Bright minds will be put to the test on Friday as university students gather in London, Ont., for the sixth edition of Hack Western.
The event centres around a hackathon taking place at Western University that will task participants with bringing a unique project idea to life in only 36 hours. Those participating are allowed to form teams of up to four members.
A hackathon can be described as a mix of hacking and a marathon, but organizer Fawaz Kadem told Global News the term “hacking” is not used in the traditional sense.
“Students can come and practise those skills, and they can also learn from mentors, attend workshops and talk to sponsors.”
With 23 organizations backing the event, participants will have access to an abundance of sponsors, including the City of London, Canada Revenue Agency and Toshiba.
Sponsors will also lead workshops and activities throughout the event’s 36-hour timeline.
Kadem said Hack Western typically sees participants create software.

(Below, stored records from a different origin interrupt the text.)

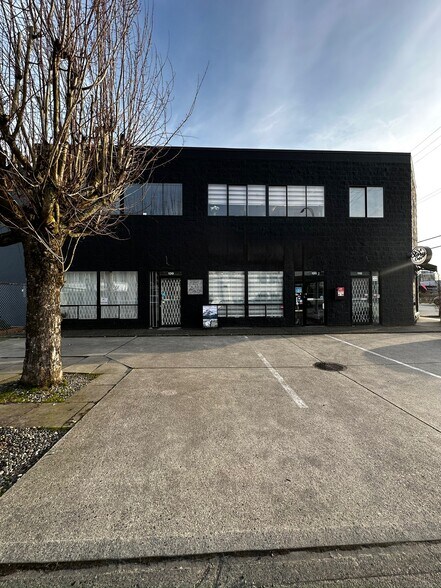 Primary Photo Of 8740 Beckwith Rd, Richmond Industrial For Lease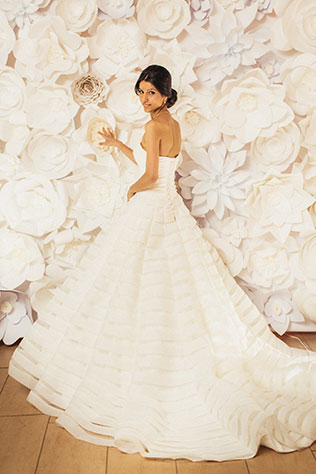 Большая греческая свадьба, невеста у фотозоны с большими цветами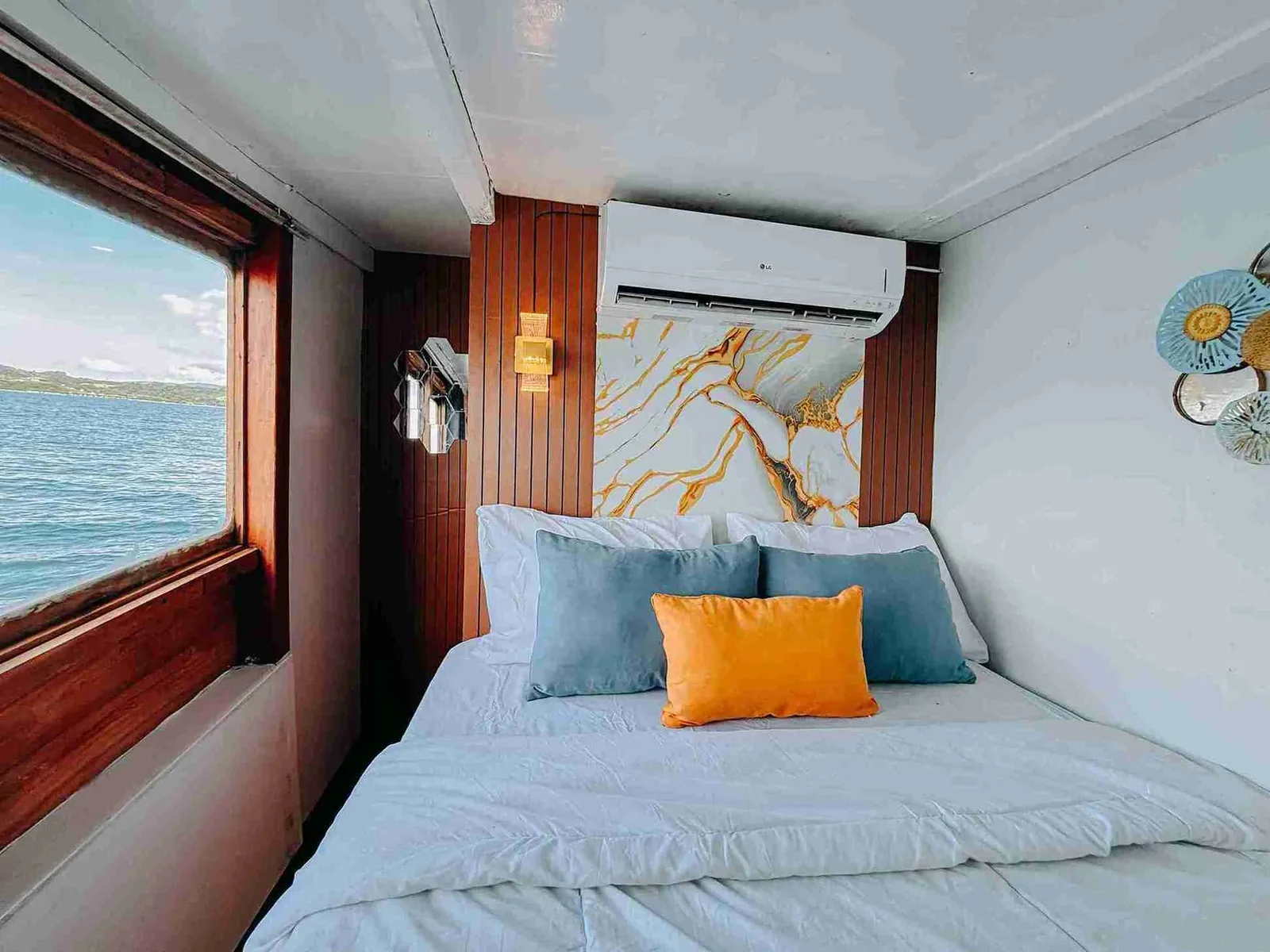 Private Cabin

This year’s theme is Build Your Moonshot, which aims to see students tackle ambitious ideas to solve real-world problems while pushing their technical skills.
“When it comes to what people actually build, it truly is completely up to them,” Kadem said.
“We’ve had a wide range of projects being done, everything from AI to hardware projects.”
While the 36-hour event presents teams with a time crunch as they work to bring projects to life, Kadem said participants are encouraged to stay well rested and will be provided rest areas, snacks and meals.
“Some people do choose to stay up and work on their projects… most of the participants will be there for the entire 36 hours.”
On top of the learning experience of working on projects and collaborating with peers, Kadem said there will be a number of prizes for the “best hack,” along with other prizes from the event’s sponsors.
Organizers are not revealing details on the prizes until later in the hackathon, but Kadem mentioned that last year’s winners were awarded Nintendo Switches for each team member.
As for those looking to take part next year, Kadem said his biggest piece of advice is to go in with an open mind.